What Makes A Good Real Estate Photo?

March 31st, 2014

I have a difficult time explaining what I do for a living. I'm a real estate photographer. I know that doesn't seem complicated, but it is. You see, there are a lot of real estate photos out there that are less than beautiful. OK, many of them are downright horrible. Which reflects poorly on all of us who choose to do this for a profession. For example, when I meet someone new and they ask what I do for a living, it usually goes something like this:

“I'm a photographer.”
“Oh! What a great job! What do you shoot?”
“I'm an architectural photographer. I shoot homes.”
“For magazines?”
“For real estate.”
“Oh. Excuse me, I think that's my old college roommate over there. . . .”

But the thing is, I love what I do for a living. I'm actually quite passionate about it. I've always been interested in architecture and home design – even as a teenager when all my friends were reading Glamour and Cosmopolitan, I was reading Metropolitan Home (RIP.) To this day I spend more on shelter magazines than I do on food. (Restaurants don't count.) So I have an idea in my head of what a photo of the interior of a house should look like. And that goal, that desire to make my photos as beautiful as possible so that the homeowner can be proud of their space and I can be proud of my work, is what drives me.

Yes, I'm a professional photographer (one who's fortunate enough to work with Cynthia Paggie, our incredibly talented stager.) I shoot a home so that the best parts shine and that the rooms that maybe need work are not front and center. I remove clutter and move furniture and objects so that the viewer's eye looks at what I want it to see. Shots are composed to tell the story of the home, the moments that may be experienced there. Editing is done with a ruthless eye, straightening walls and working with light so that an amazing outdoor view is seen. I spend hours upon hours on each house making sure it's seen in the best light. But above all of the time and the technique is just this: I truly care.
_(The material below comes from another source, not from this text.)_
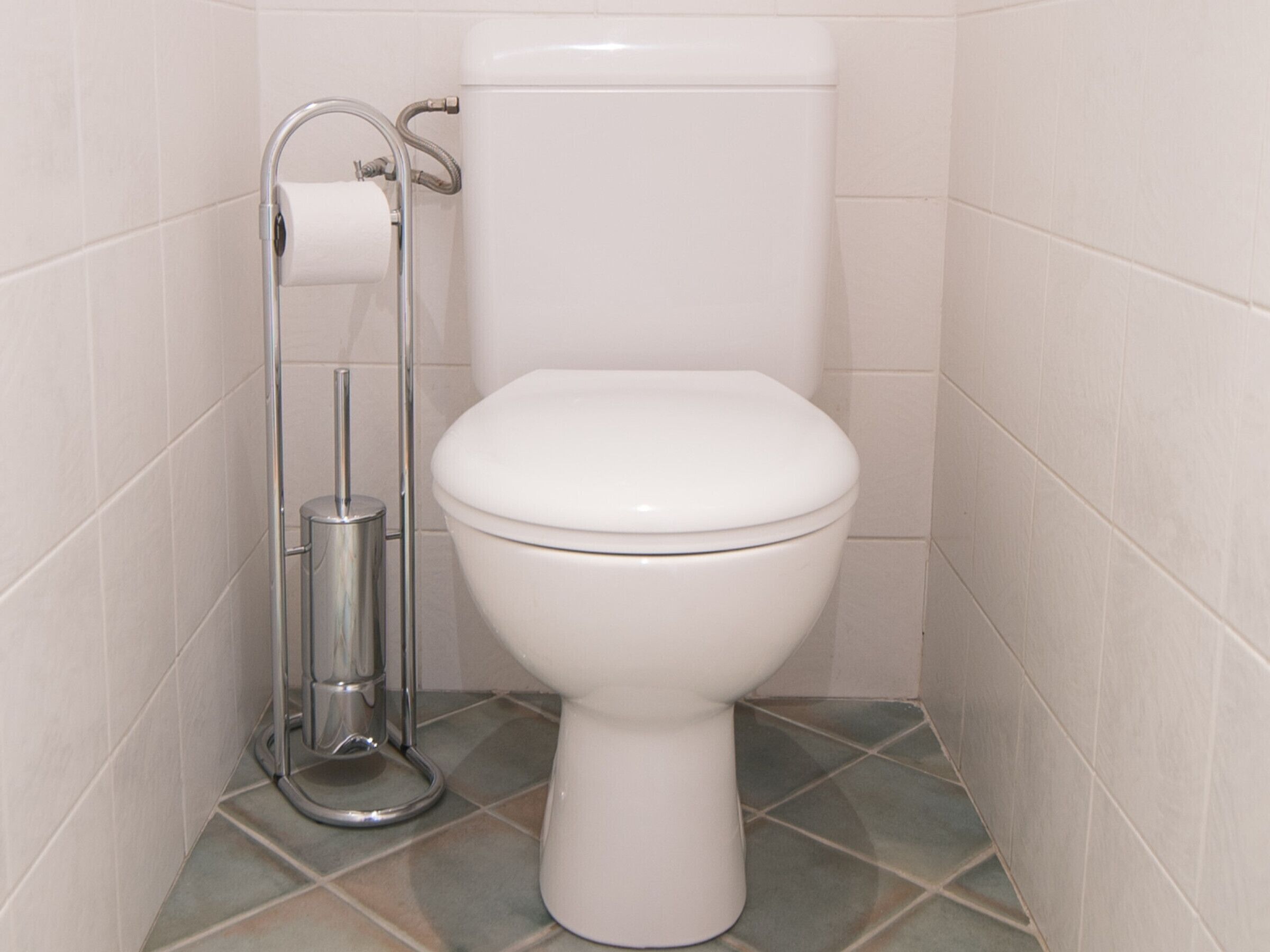 A white toilet with a flush handle and a toilet paper holder in a corner.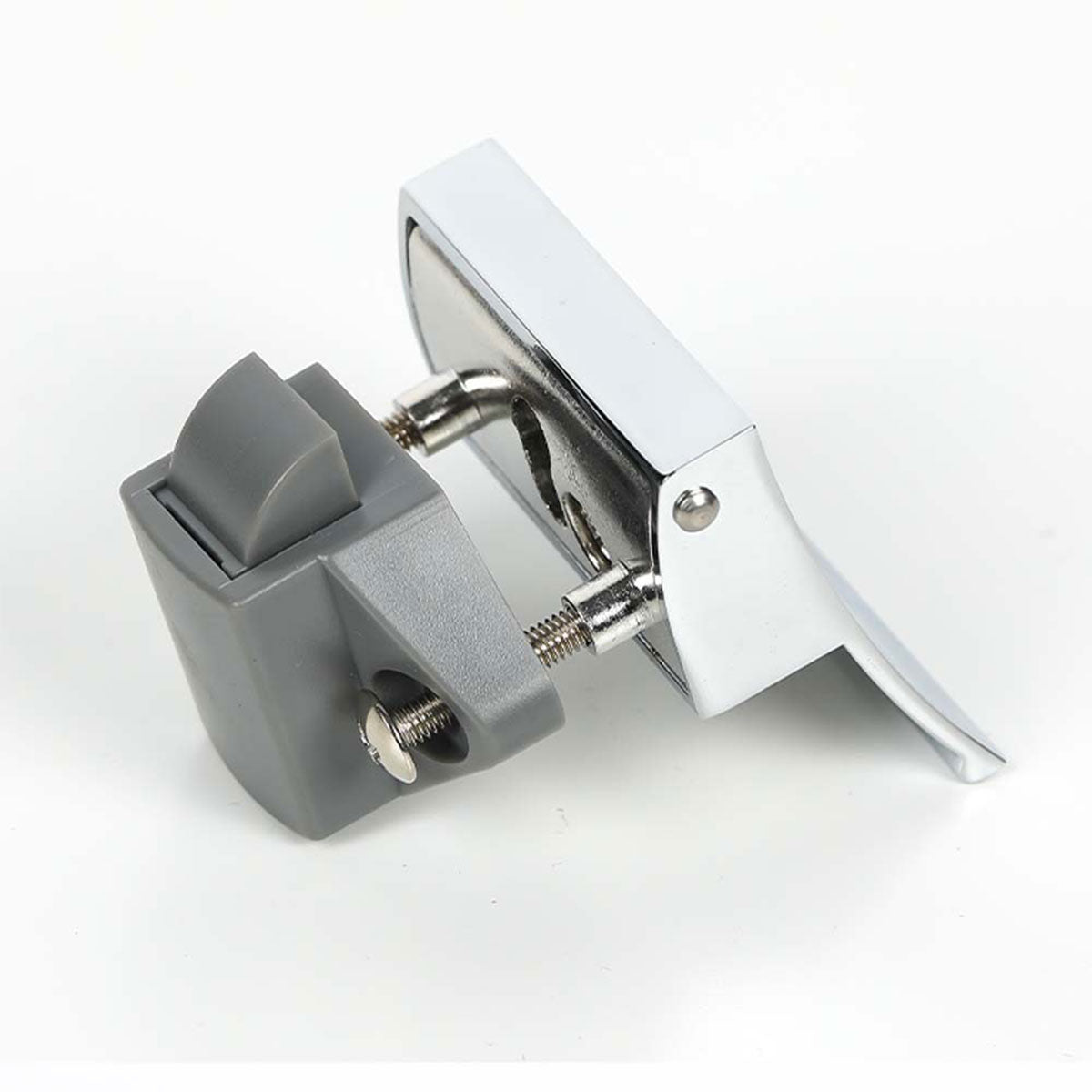 Silver Grey Finish Plastic-Metal Square Push Lock for Cabinets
If I'm going to spend the time creating something, I'm going to make it as beautiful as possible. While my ego has no small part to play in this, bigger than that is my respect for the house and the people who love it.  I believe a house is more than just a physical structure. It's the holder of all that is important to us in the world, physically and symbolically. Being invited into people's homes to take photos, especially during an often emotional time, is an honor. My hope is that I can express my gratitude and pleasure through my photos. If the end result is the homeowner falling in love with their home again, that brings me tremendous satisfaction. If the homeowner AND a buyer fall in love with the home, then I have truly done my job well.